The labor movement stands united in our support for good, middle-class jobs; policies that address climate change; and safe transportation that brings equitable benefits to communities across the country. Billions in federal investment across the Infrastructure Investment and Jobs Act (IIJA) and the Inflation Reduction Act (IRA) will help achieve that goal in school bus fleets across the country, but as with any federal investment, these dollars must come with conditions that maintain or create quality union jobs for American workers. As with any rapid technological change, electrification threatens to displace the manufacturing workers, drivers, and mechanics who have committed their livelihoods to supporting the country’s education system.

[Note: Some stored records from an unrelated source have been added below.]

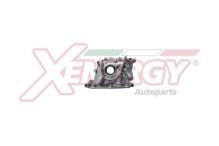 XENERGY X251451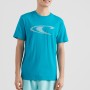 O neill Wave T-shirt N2850010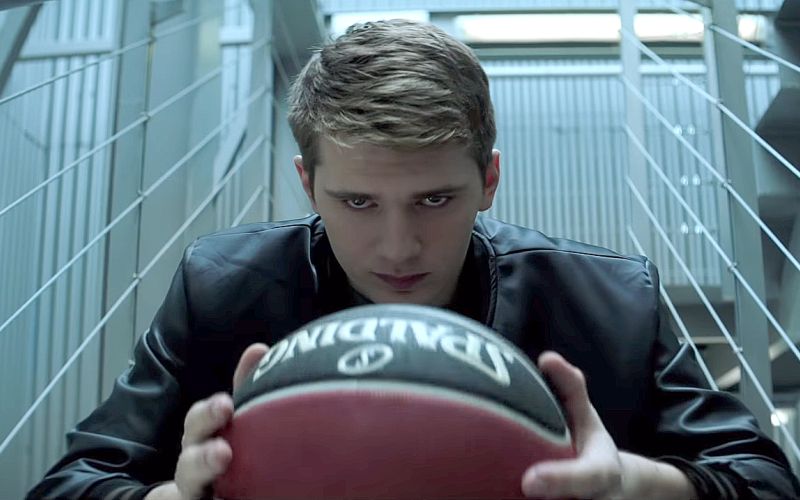 doncic.jpg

To meet our climate goals while ensuring good union jobs, the student transportation workforce must be front of mind as the federal government funds the deployment of electric school buses in communities across the country.

We call on the Environmental Protection Agency (EPA) to thoroughly address the impacts of a transition to cleaner buses on the incumbent workforce by considering the net changes in number of jobs and skills gaps that arise from transitioning to electric fleets; the EPA must have a plan to ensure that affected workers can upskill and continue in their current jobs.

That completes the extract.